Task brief
Your response should consist of the entire listing, transcribed exactly, with every image left out.

Data provided
Segment Open

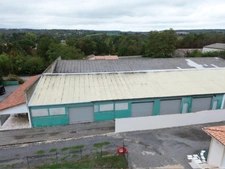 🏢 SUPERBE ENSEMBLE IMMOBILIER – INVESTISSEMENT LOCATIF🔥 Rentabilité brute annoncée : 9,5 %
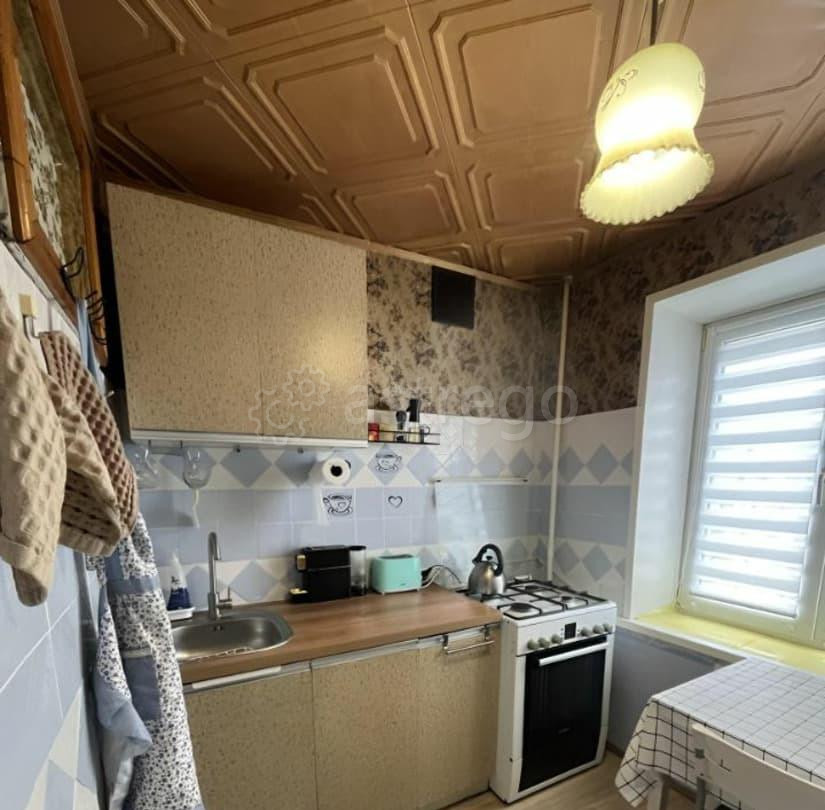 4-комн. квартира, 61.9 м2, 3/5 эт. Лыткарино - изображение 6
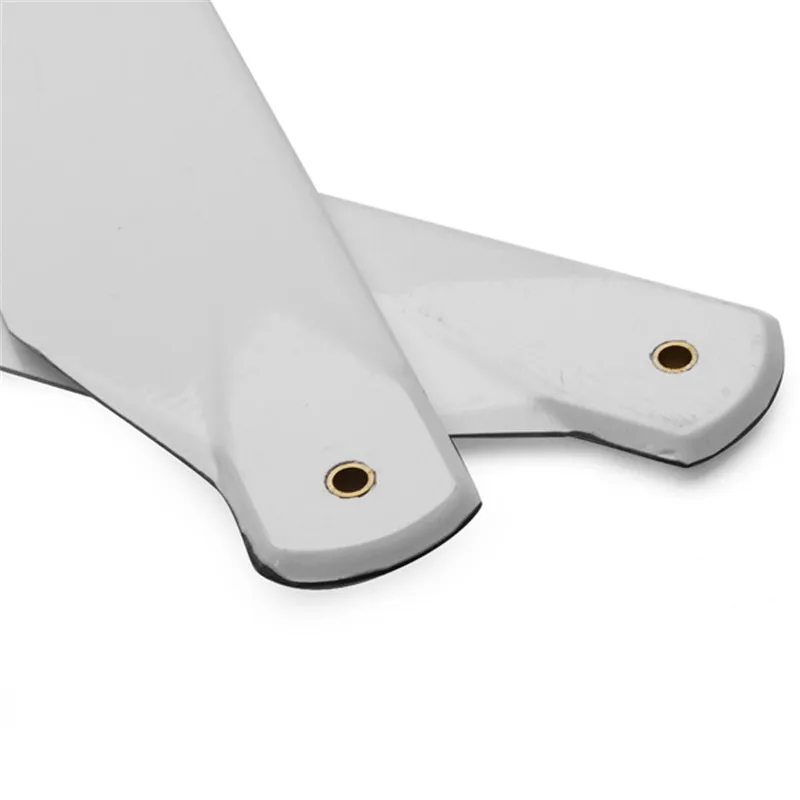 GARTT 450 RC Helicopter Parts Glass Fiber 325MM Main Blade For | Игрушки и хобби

Segment Closed

Expected answer
 🏢 SUPERBE ENSEMBLE IMMOBILIER – INVESTISSEMENT LOCATIF🔥 Rentabilité brute annoncée : 9,5 %
 4-комн. квартира, 61.9 м2, 3/5 эт. Лыткарино - изображение 6
 GARTT 450 RC Helicopter Parts Glass Fiber 325MM Main Blade For | Игрушки и хобби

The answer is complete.